William J. Rooney, Dearborn, Mich., William W. McKittrick, Chicago, Ill., for petitioner.

Elliott Moore, Deputy Associate Gen. Counsel, Linda E. Auerbach, William R. Stewart, Attys., N.L.R.B., Washington, D.C., for respondent.

Before SWYGERT and SPRECHER, Circuit Judges, and GRANT, Senior District Judge. *

SPRECHER, Circuit Judge.

The question in this appeal is whether in-plant cafeteria and vending machine food prices and services are "terms and conditions of employment" under Section 8(d) of the National Labor Relations Act, as amended, or materially or significantly affect or have impact upon such terms and conditions under the facts and circumstances of this case. 1

The appeal comes here for review of an order of the National Labor Relations Board and upon the Board's cross-application for enforcement. On December 1, 1976, an Administrative Law Judge issued his decision recommending that the complaint be dismissed. The Board's decision and order issued on July 11, 1977, reversed the Administrative Law Judge and concluded that cafeteria and vending machine services and prices are mandatory subjects of collective bargaining. 230 NLRB No. 101 (1977).

I

The petitioner, Ford Motor Company (Company), operates an automotive parts stamping plant in Chicago Heights, Illinois, where it employs approximately 3600 hourly-rated production employees working in three shifts and represented by the intervenor, Local 588 of the United Automobile, Aerospace and Agricultural Implement Workers of America, UAW (Union). The Company and Union have been parties to a series of national collective bargaining agreements supplemented by local agreements. There is no other union in the plant.

The Company provides its employees with two air-conditioned cafeterias seating a total of 450-600 persons and five air-conditioned and enclosed vending machine areas, called "coke cribs," with a total seating capacity of 235-300 persons. All employees have a 30-minute lunch period.

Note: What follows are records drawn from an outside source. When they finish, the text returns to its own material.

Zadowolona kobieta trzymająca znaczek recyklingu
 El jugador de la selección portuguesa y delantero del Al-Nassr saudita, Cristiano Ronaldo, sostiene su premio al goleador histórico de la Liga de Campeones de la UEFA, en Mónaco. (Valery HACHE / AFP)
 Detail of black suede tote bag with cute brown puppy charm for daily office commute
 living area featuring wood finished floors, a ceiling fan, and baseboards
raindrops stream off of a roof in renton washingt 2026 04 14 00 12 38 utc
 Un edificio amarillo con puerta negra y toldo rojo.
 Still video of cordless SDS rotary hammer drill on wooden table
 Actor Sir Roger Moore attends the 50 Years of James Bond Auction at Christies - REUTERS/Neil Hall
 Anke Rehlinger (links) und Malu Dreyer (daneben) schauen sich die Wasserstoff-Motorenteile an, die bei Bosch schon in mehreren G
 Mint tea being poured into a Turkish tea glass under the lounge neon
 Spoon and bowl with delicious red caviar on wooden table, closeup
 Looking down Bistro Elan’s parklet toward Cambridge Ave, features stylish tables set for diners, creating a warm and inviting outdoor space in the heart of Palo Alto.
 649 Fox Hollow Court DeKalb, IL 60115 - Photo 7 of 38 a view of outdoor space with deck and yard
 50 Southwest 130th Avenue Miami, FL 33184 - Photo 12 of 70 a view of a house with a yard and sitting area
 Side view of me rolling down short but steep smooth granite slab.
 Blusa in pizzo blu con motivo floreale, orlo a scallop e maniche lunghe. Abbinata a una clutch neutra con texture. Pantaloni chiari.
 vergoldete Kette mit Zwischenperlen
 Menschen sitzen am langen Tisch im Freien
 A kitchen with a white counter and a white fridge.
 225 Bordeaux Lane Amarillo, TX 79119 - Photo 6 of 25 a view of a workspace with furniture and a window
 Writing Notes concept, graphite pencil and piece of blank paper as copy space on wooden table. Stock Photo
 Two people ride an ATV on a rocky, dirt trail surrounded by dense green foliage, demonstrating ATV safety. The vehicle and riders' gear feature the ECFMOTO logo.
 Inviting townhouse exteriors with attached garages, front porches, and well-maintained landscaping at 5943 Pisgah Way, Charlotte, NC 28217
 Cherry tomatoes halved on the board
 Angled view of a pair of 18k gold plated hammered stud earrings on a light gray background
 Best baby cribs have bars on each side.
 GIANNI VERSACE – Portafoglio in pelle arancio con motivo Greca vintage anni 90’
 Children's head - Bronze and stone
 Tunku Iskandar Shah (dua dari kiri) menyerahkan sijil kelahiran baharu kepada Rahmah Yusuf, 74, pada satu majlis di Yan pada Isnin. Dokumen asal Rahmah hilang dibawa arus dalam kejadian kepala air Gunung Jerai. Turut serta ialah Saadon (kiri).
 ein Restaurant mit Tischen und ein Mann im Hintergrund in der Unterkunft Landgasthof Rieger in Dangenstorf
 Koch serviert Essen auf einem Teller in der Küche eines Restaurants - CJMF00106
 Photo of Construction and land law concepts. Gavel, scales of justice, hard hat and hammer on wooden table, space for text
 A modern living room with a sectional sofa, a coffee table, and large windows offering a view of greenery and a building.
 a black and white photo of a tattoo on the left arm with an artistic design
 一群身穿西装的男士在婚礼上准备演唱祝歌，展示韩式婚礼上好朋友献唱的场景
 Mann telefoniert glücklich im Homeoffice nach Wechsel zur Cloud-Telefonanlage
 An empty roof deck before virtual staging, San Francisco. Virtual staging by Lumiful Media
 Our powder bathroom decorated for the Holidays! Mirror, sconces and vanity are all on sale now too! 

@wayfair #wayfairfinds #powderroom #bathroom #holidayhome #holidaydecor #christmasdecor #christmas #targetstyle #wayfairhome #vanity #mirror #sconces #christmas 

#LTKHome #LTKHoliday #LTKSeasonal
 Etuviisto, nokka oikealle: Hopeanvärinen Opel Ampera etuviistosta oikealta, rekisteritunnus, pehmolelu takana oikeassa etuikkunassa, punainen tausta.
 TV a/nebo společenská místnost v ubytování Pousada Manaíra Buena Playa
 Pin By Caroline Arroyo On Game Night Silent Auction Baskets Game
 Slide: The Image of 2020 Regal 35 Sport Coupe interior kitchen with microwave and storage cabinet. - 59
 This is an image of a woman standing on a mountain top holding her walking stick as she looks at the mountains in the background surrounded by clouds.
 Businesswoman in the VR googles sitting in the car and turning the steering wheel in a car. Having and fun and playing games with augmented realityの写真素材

The parties agreed that it was not feasible for employees to leave the plant during their food breaks. Mobile food vending trucks are not permitted on plant property.

Employees are permitted to bring their own food into the plant and it may be eaten in the cafeteria or coke crib areas. However, the food brought in may only be stored in ventilated but not air-conditioned locker rooms. The employees have no refrigeration facilities and in the summer months the lockers become "very hot and sticky and smelly" with temperatures frequently ranging from 80 to 100 degrees and causing food spoilage. The Company has occasionally employed exterminator services because of unsanitary conditions in the locker rooms.

Based on physical counts of usage, it appeared that assuming a normal 5-day workweek, about 20-30% Of the employees used the Company cafeterias each day and, assuming that all employees used the vending machines, each employee used vending machines about 31/2 times per day.

The two cafeterias and five vending machine areas are serviced by a caterer, ARA Services, Inc., under a contract with the Company dated February 11, 1972, which provides that ARA shall:

furnish products of quality in accordance with purchasing specifications that shall have been submitted to and approved by Ford, and in accordance with a price and portion list for said manual food service and vending machines that shall have been submitted to Ford and that shall be subject to review at the request of Ford or contractor.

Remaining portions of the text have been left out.